Today’s Programming Praxis problem is about Treaps – binary trees that are more or less balanced thanks to random numbers. The provided solution is 58 lines, so we have quite a bit of work to do. Let’s get started.

First our imports:

import Control.Monad
import Data.Char
import qualified Data.List.Key as K
import System.Random

As mentioned in the intro, the data structure is, for all intents and purposes, a binary tree.

data Treap k a = Nil | Node Int k a (Treap k a) (Treap k a)

Nil nodes have a priority of -1.

priority :: Treap k a -> Int
priority Nil = -1
priority (Node p _ _ _ _) = p

Rotating left and right requires some node reshuffling:

rotLeft :: Treap k a -> Treap k a
rotLeft (Node p k a l (Node rp rk ra rl rr)) =
Node rp rk ra (Node p k a l rl) rr
rotLeft t = t
rotRight :: Treap k a -> Treap k a
rotRight (Node p k a (Node lp lk la ll lr) r) =
Node lp lk la ll (Node p k a lr r)
rotRight t = t

This function automatically applies the correct rotations:

rot :: Treap k a -> Treap k a
rot Nil = Nil
rot t@(Node p _ _ l r) | p < priority l = rotRight t
| p < priority r = rotLeft t
| otherwise = t

Lookup works the same as in any binary tree.

find :: Ord k => k -> Treap k a -> Maybe a
find _ Nil = Nothing
find k' (Node _ k a l r) | k' < k = find k' l
| k' > k = find k' r
| otherwise = Just a

And updating is also not that different. The only annoyance is that we have to do it in the IO monad, since we need random numbers.

update :: Ord k => (a -> a -> a) -> k -> a -> Treap k a -> IO (Treap k a)
update _ k' a' Nil = fmap (\r -> Node r k' a' Nil Nil) $
randomRIO (0, maxBound)
update f k' a' (Node p k a l r)
| k' < k = fmap (\n -> rot $ Node p k a n r) (update f k' a' l)
| k' > k = fmap (rot . Node p k a l) (update f k' a' r)
| otherwise = return $ Node p k' (f a' a) l r

Inserting is just a special case of updating:

insert :: Ord k => k -> a -> Treap k a -> IO (Treap k a)
insert = update const

For deleting, we need a way the combine the two remaining subtrees. This requires some rotation.

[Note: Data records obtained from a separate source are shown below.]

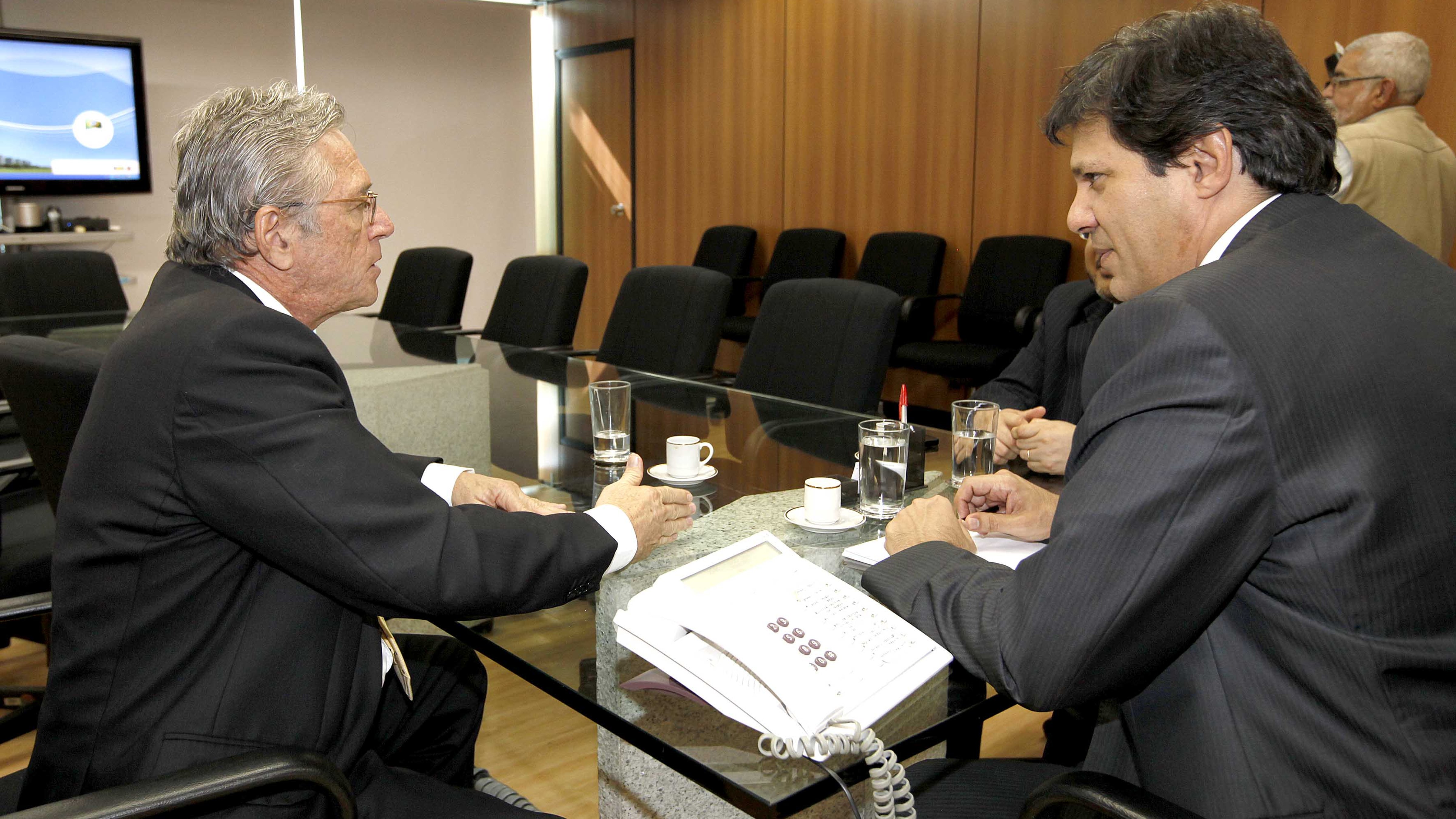 29-09-2011 Teotonio no ministério de Educação(CR) (1).jpg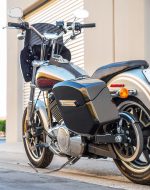 12L - Ironclad Quick Mount Medium Harley Dyna Wide Glide FXDWG Painted Hard Solo Saddlebag (Left Only) - Image 4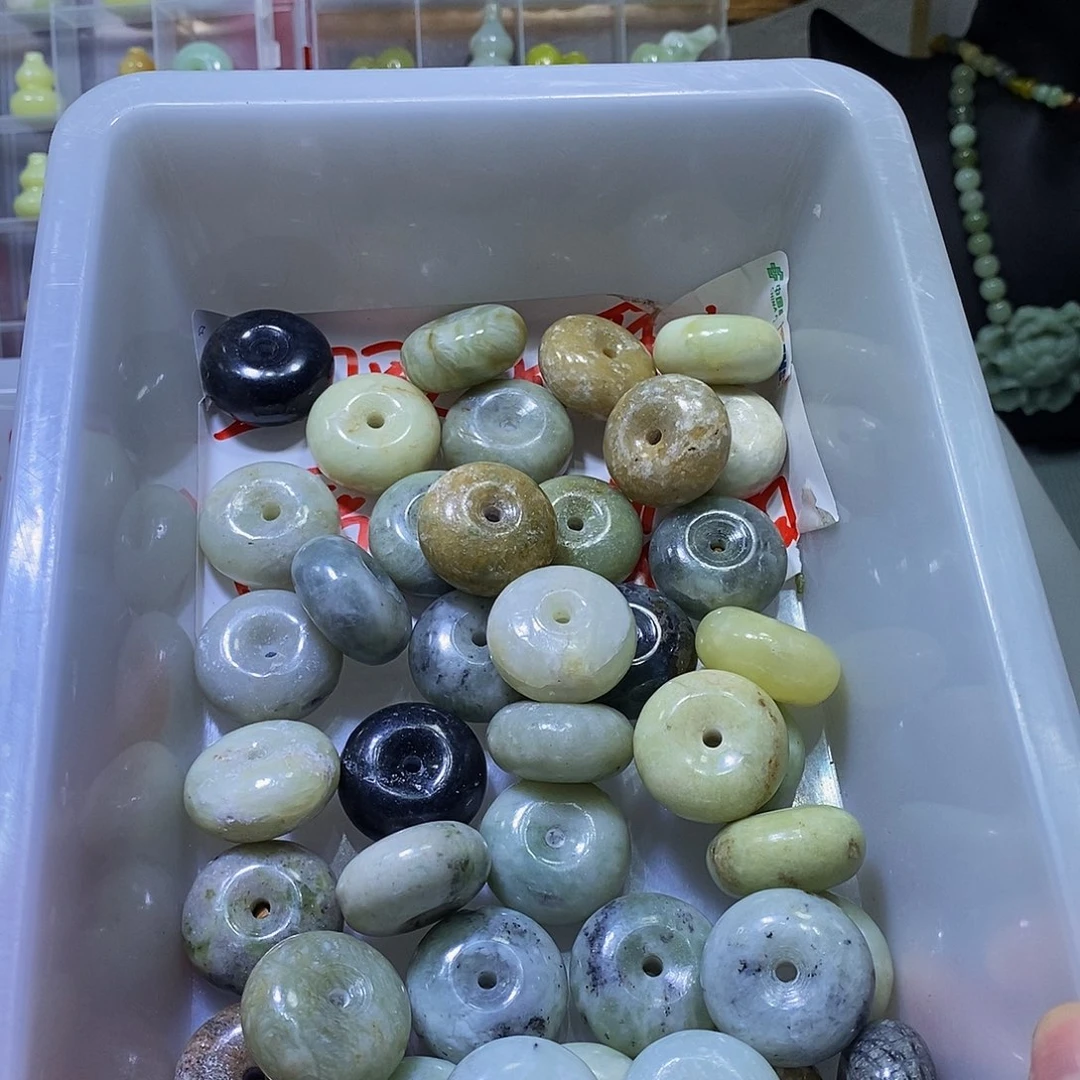 合金蛇纹石玉颈饰216
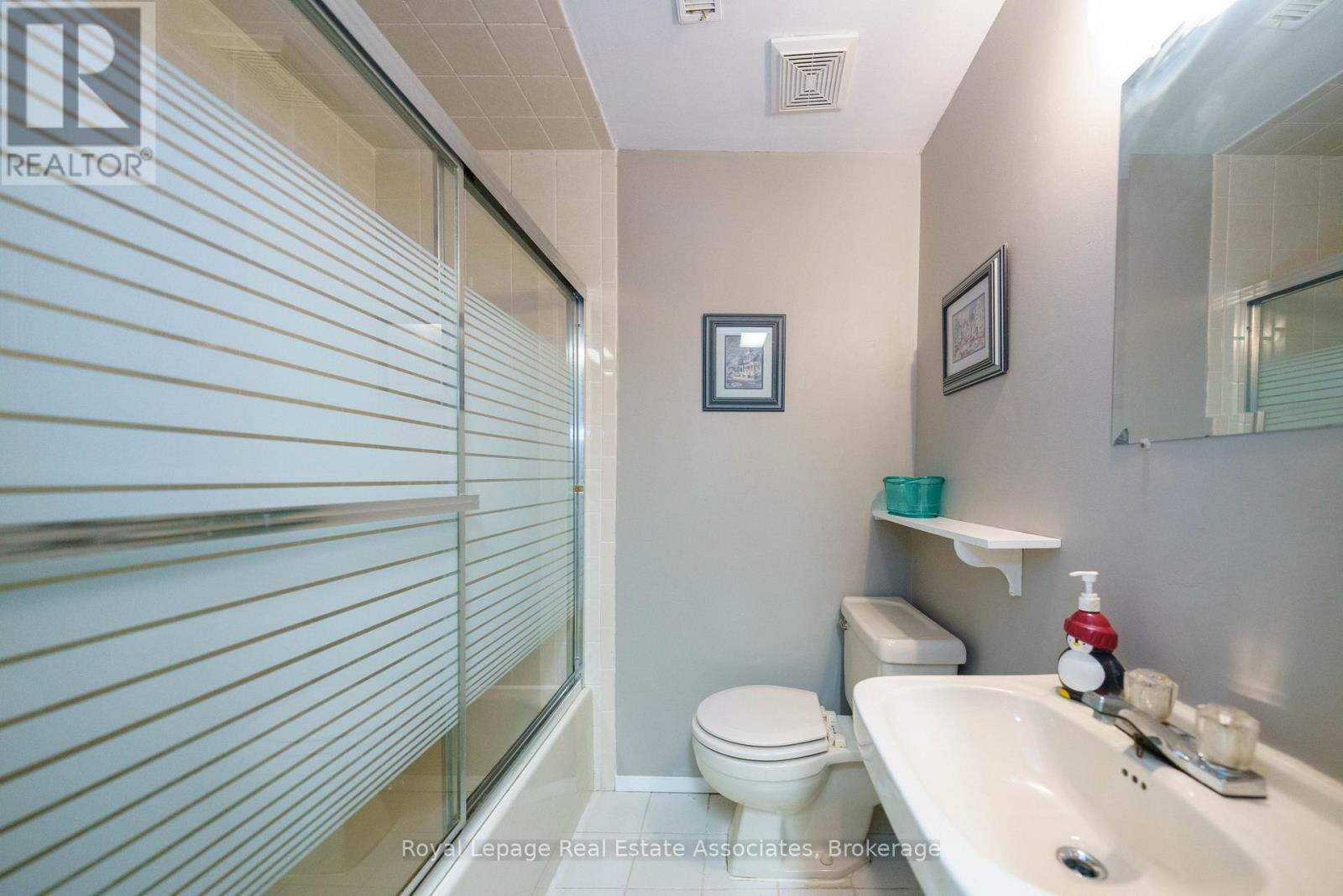 6763 Dolmage Court, Mississauga, ON - Indoor Photo Showing Bathroom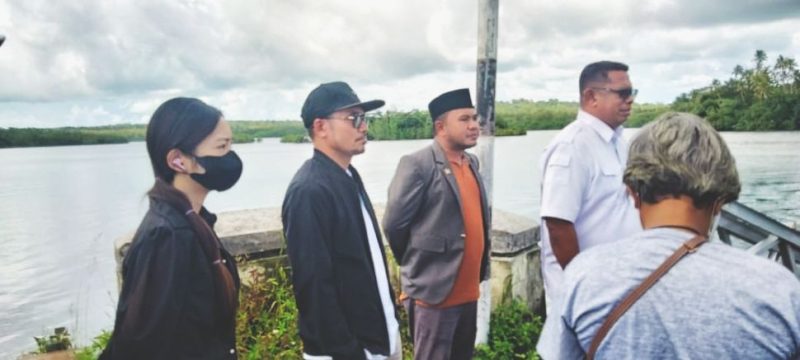 Ridwan Hidayat Umachina, Anggota DPRD Malra, saat memantau lokasi jembatan ambruk di Ohoi Dian Darat, Kab. Malra (Sumber foto: sorotand)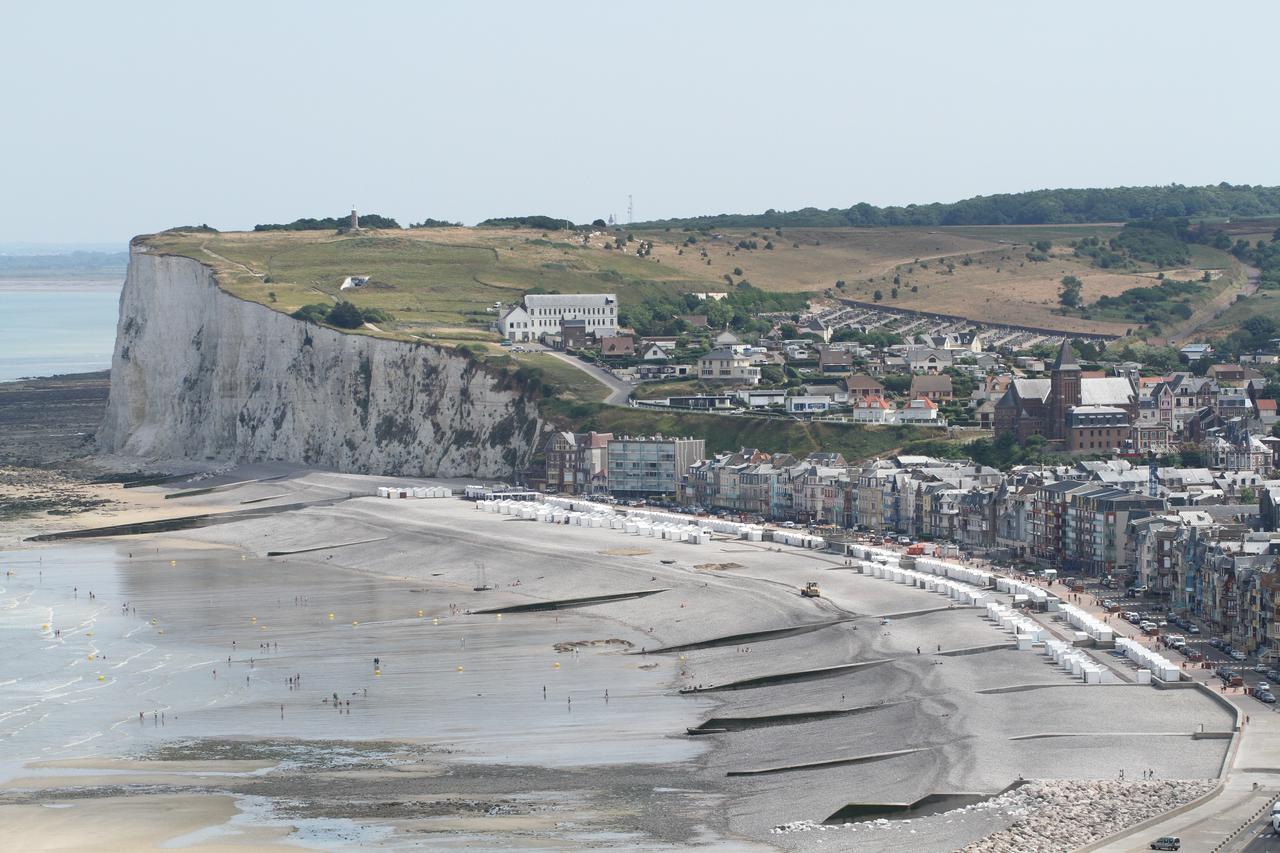 Hotel Royal Albion Mesnil-Val-Plage Exterior foto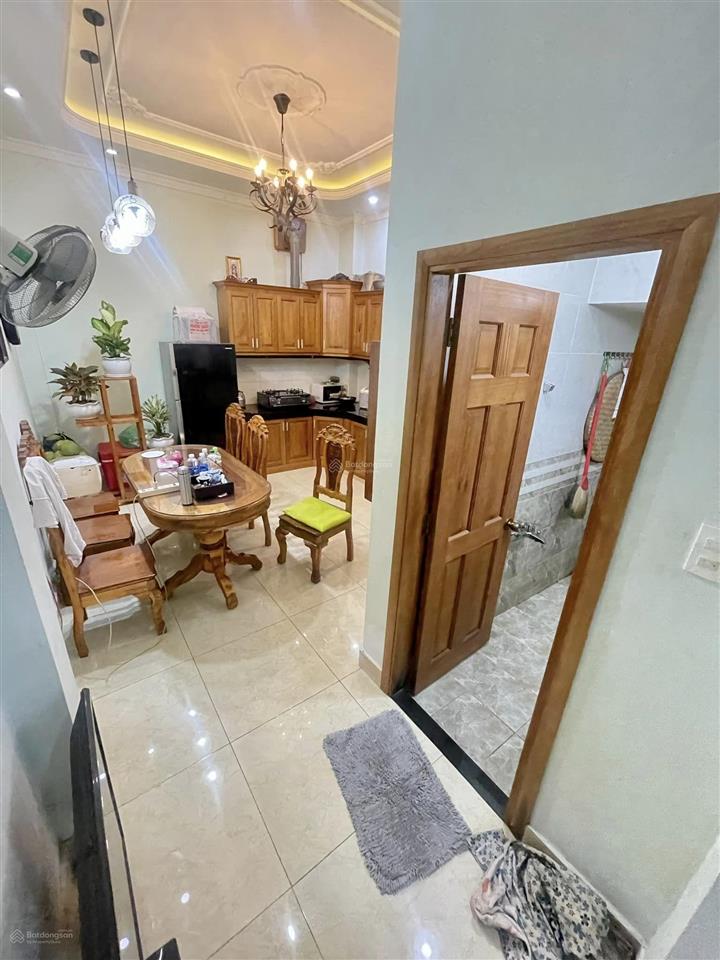 Nhà đường số tân quy, quận 7, dt 5.5x15m, lộ lớn, ô tô ngủ trong nhà, 7 tỷ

deroot :: Treap k a -> Treap k a
deroot Nil = Nil
deroot t@(Node _ _ _ l r)
| priority l < priority r = d deroot id $ rotLeft t
| otherwise = d id deroot $ rotRight t
where d fl fr = (\(Node p k a l' r') -> Node p k a (fl l') (fr r'))

That makes deleting a simple matter of applying deroot at the correct location.

delete :: Ord k => k -> Treap k a -> Treap k a
delete _ Nil = Nil
delete k' t@(Node p k a l r)
| k' < k = Node p k a (delete k' l) r
| k' > k = Node p k a l (delete k' r)
| otherwise = deroot t

Converting a treap to a list is just simple recursion.

toList :: Treap k a -> [(k, a)]
toList Nil = []
toList (Node _ k a l r) = toList l ++ [(k, a)] ++ toList r

And there we go. Now to test it on the word frequency problem:

main :: IO ()
main = mapM_ print =<< wordFreqs 25 =<< readFile "bible.txt"
wordFreqs :: Int -> String -> IO [(String, Int)]
wordFreqs n = fmap (take n . reverse . K.sort snd . toList) .
foldM (\a w -> update (+) w 1 a) Nil .
map (filter isAlpha) . words

Works as expected. At 40 lines it’s about a 30% reduction compared to the scheme code. Not bad.